Kleine Schildkröte – kleines Aquarium?
Diese Frage wird sehr kontrovers diskutiert. Viele der dabei vorgebrachten Argumente sind allerdings rein emotional und haben mit den Ansprüchen der Schildkröten wenig zu tun. Die in Deutschland gesetzlich vorgeschriebene Mindestgröße des Aqua-Terrariums für die Pflege eines Einzeltieres ist die dreifache Panzerlänge als Beckenlänge, die anderthalbfache Panzerlänge als Beckenbreite und die doppelte Panzerhöhe als Wasserstand.

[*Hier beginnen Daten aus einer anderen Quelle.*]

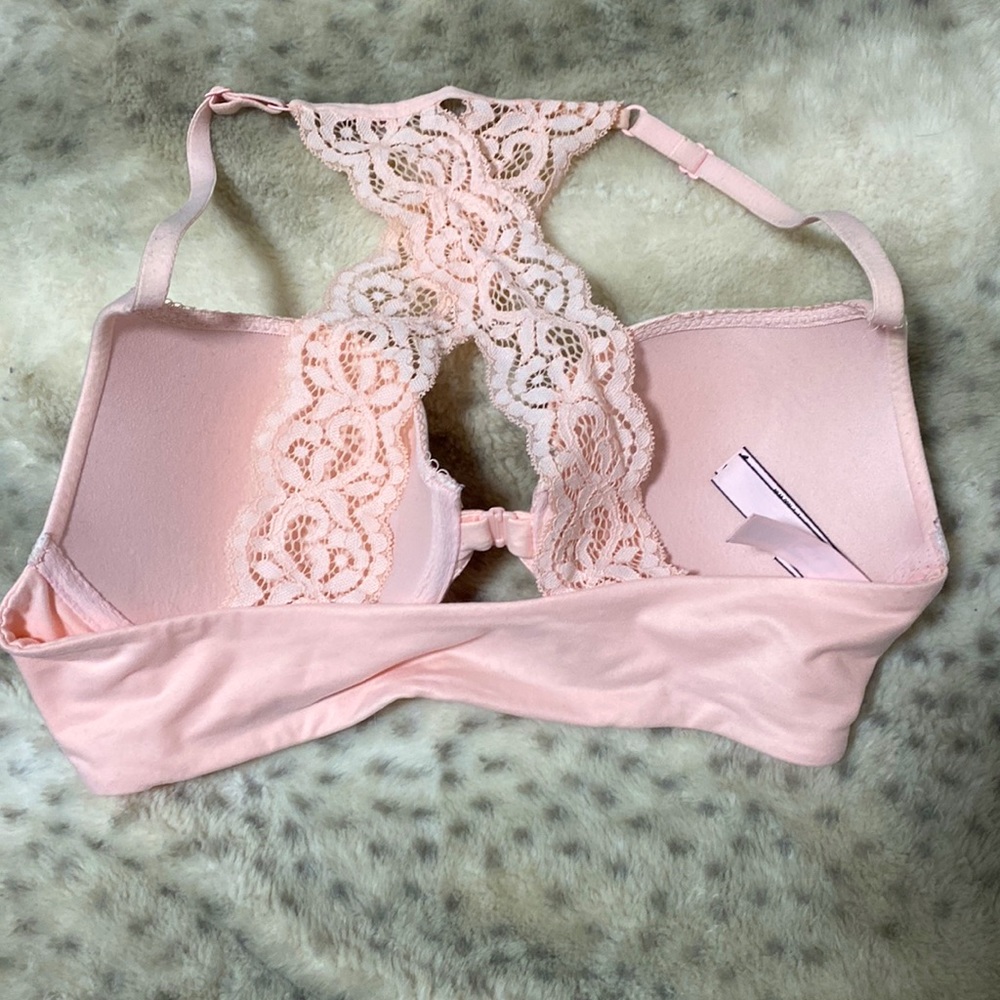 Body by Victoria bra - Picture 2 of 3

Für ein Einzeltier bedeutet das (bei maximal 12 cm Panzerlänge) eine Bodenfläche von 36 x 18 cm bei einem Wasserstand von etwa 10-12 cm. In so einem kleinen Aquarium wird man aber kaum eine Schildkröte pflegen. Ein handelsübliches 60-Zentimeter-Aquarium ist aber absolut ausreichend, um eine gut strukturierte Lebenswelt für die kleine Schildkröte zu gestalten. Sehr wichtig sind dabei folgende Grundsätze: Kinosternon klettern und laufen eher als dass sie schwimmen. Die Wasseroberfläche muss also immer leicht erreichbar sein, der Wasserstand sollte 20 cm möglichst nicht überschreiten.

Männchen erkennt man an der längeren Schwanzrübe.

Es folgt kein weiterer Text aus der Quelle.